From the author:

From the Author:

I will not introduce myself.
I will not ask "How do?"
I will not wave, I will not bow,
Or shake a hand with you.

For I am not polite, my friend;
I have no social grace.
Like you, I have no manners,
And I never learned my place.

Instead I'll write a poem
And I'll put myself in verse,
And if you like the sound of me,
Well, THEN we might converse.

So read a line or two of me,
Or don't, if it's a chore,
But since you've read fifteen of me
I bet you'll read one more.


Click here to contact the author
(...or don't...he doesn't really trust emails from children. They can be sticky).

Monday 30 May 2011

Alphabet Soup

My name was Sally Dingle-Pratt.
Now how’d I get a name like that?

     Well, my mother was a Dingle and my father is a Pratt;
     They fell in love, and I was born,
     A baby Dingle-Pratt.

I was the only Dingle-Pratt,
And I was quite content with that.

     Then my mother left my father or my father left my mom
     Then mother married Larry
     And became a Finkelbaum.

Then mother took her Dingle-Pratt.
Away we went and that was that.

     And soon my little brother quite exploded on the scene,
     A little baby Finkel-BOMB,
     A baby poop-machine.

And still I was a Dingle-Pratt,
And getting less content with that.

     For there I was a Dingle-Pratt, and still the only one,
     With Finkelbaums surrounding me,
     So what else could be done?

Well, I became a Finkelbaum,
But dad got really mad at mom.

     With daddy so unhappy and with Finkelbaums galore,
     I gathered all my names around 
     And tried it all once more.

(Now the rhythm has to change;
It happens when a name gets strange):


     So now I’m a Dingle-Pratt-Finkelbaum. Phew!
     A mouthful of names for those with but two. 
     With a mom and two dads and each with a name
     And me with them all, all linked in a chain,
     I feel like I’m found; I feel like I’m bound;
     My name is the longest and craziest sound.

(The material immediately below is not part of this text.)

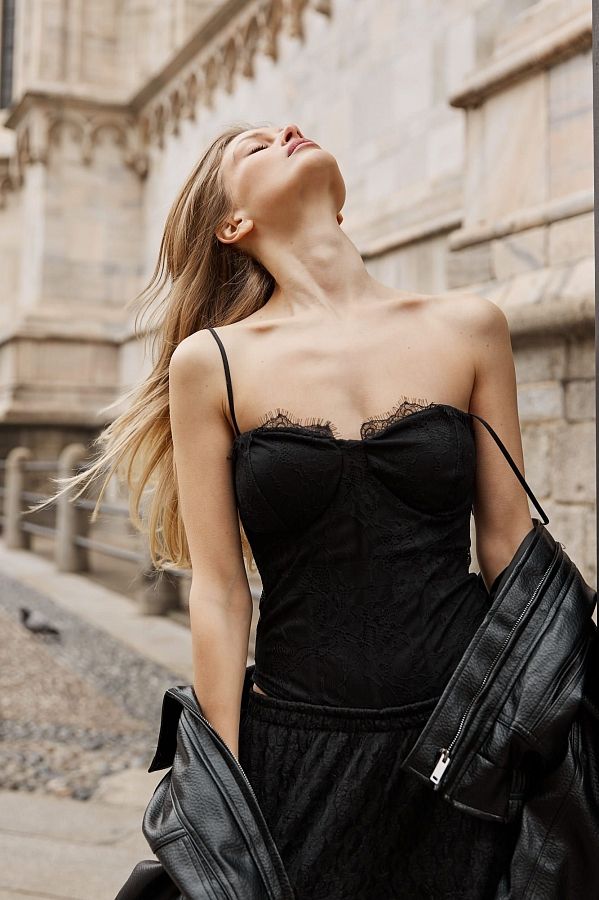 Боді мереживне на тонких бретелях чорне  #RU# Боди кружевное на тонких бретелях черное  № 1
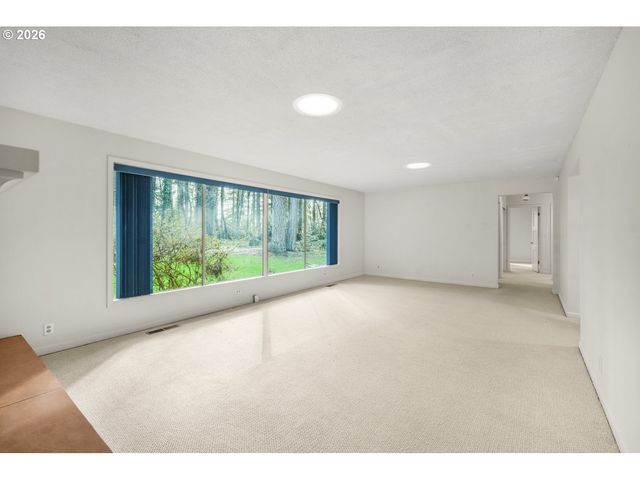 375 FIR KNOLL Ln, Salem, OR 97317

     Oh, sometimes I feel like I’m alphabet soup
     And everyone’s gathered around in a group.
     And each of them eats up a letter of me
     Till I’m swallowed up whole in the family tree.
     But maybe a name is a colourful ruse
     Made to amuse and made to confuse
     And made to disguise us in elegant hues
     And give us a thing that we think we can’t lose,
     Like walking through life with invincible shoes.
     Yes, I can wear any old name that I choose,
     So Dingle-Pratt-Finkelbaum IS what I’ll use.